統計によると帯広を中心とした十勝総合振興局地域は、北海道の東部、太平洋にも面し、そこから道央に南北に延びる地域で、面積は約1万平方キロ、局内の19市町村合計の人口は約35万人で5位、全北海道の人口544万人の6%強を占めている。

十勝の魅力は何と言ってもその豊富な農産物。十勝の35万人が生み出す甜菜、小豆、スイートコーン、長いも、小麦などの食料は約400万人分、その結果、食料自給率は1,100%に達する。ただ、残念ながらこれらの農産物は地元で加工されずに本州に出荷されており、地元での付加価値化は進んでいない。

米沢帯広市長の話では、農業・食料関連の事業と並行して、農業由来のバイオマスを利用したエネルギーの多様化も推し進め(「十勝バイオマス産業都市構想」の推進)、農・食・エネ自給社会の実現を目指していると言う。

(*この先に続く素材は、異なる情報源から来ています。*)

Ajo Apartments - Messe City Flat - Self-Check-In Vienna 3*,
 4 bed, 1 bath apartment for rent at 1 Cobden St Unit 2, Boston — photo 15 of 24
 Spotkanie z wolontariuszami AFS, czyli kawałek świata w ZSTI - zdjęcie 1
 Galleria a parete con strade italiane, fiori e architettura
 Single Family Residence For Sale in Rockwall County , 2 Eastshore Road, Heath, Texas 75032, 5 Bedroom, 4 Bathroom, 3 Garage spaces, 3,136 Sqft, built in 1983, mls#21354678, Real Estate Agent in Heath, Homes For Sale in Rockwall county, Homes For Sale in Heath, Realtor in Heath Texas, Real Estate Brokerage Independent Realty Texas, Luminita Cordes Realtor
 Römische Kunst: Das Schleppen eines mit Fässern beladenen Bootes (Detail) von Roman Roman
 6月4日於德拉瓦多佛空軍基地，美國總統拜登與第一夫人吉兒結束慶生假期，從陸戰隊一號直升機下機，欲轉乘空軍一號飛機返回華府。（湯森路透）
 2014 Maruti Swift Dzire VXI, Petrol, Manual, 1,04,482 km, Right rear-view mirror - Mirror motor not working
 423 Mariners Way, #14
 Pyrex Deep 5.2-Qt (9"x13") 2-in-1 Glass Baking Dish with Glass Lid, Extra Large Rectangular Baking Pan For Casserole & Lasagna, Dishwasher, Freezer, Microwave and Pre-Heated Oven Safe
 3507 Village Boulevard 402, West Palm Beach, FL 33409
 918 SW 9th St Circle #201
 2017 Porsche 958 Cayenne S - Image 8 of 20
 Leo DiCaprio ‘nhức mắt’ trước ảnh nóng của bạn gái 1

2011年12月、十勝19市町村は、札幌市や江別市など北海道の他地域と共同で、「北海道フード・コンプレックス国際戦略総合特区」の指定申請を行ない、指定を受けた。その意味でも今後更なる新しい、革新的な取組が行われ易くなろう。

ご存知のように、面積は日本の九州程度しかなく、人口は1,500万人くらいのオランダは、「オランダ・フードバレー」と称し、食の科学とビジネスの一大集積地となっている。現在米国に次ぐ世界第2位の農産物輸出国でもあり注目されている。十勝もこのオランダに倣って「十勝フードバレー」という旗印の下に地域産業政策を推し進めている。 

これからの最大の課題は、如何に農産物の付加価値を挙げていくかであろう。このことは当面のTPP対策にも繋がる。農産物の付加価値向上、勿論それは簡単な事ではない。 

アベノミクスの成長戦略では、農業は6次産業化の推進などで成長分野になりうると考えられている。確かにその通りであろう。しかし、その具体策はおいそれとは出てこない。   

そのためには様々な人々の英知を集める必要がある。新規事業開発のメッカ・シリコンバレーは、世界中から技術や知恵をもった人々が集まり交流しているからこそ、継続的に革新的な事業が生まれているように思う。人が自由に交流する中で新しい発想も生まれる。十勝も日本のみならず世界から人々が集まってくるような街作りを考えて欲しい。